The Fault in Our StarsThe Fault in Our Stars by John Green

I thought I wrote a review for this book already. Hmm.

The Fault in Our Stars is about Hazel Lancaster, who was diagnosed with stage 4 thyroid cancer at the age of 13. She underwent an experimental pharmacological treatment that shrunk her tumour. Hazel is now 16 and attending a support group for kids with cancer. Here she meets Augustus, a handsome 17-year-old who she is surprised to find is interested in her.

This is one of the best books I’ve read all year. It is a very fast read, and it was highly enjoyable. John Green’s writing is so engaging. Hazel and Gus (dialogue aside) felt like real kids, and I was eager to learn more about their world. Of course, since it’s a book about kids with cancer… just be prepared to cry. Lots.

The one quibble I have with the book is the dialogue. One example that really stood out to me was when Gus referred to basketball as throwing a spherical object through a toroidal object. They also use words like “univalent” and “existentially fraught”. I can’t believe that anyone would speak this way, even intelligent teenagers with terminal illnesses who are able to read all day.
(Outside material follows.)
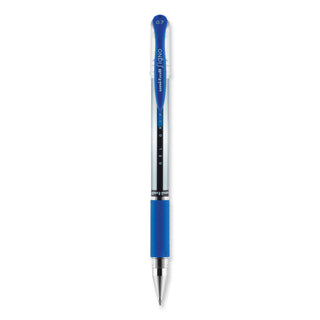 uniball® Signo GRIP Stick Gel Pen, Medium 0.7mm, Blue Ink, Silver/Blue Barrel, Dozen (UBC65451)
I’ve mentioned this somewhere else—I can’t find the link now—my nickname for this book is Juno with Cancer.

That aside, the book is fantastic. It’s a shame that every time I see it in the bookstores, it’s always in with the other YA books, when it’s suitable for readers of any age. I fear that many readers who avoid the YA section and its endless selection of dystopian trilogies will miss out on this gem. Pick it up if you have the chance.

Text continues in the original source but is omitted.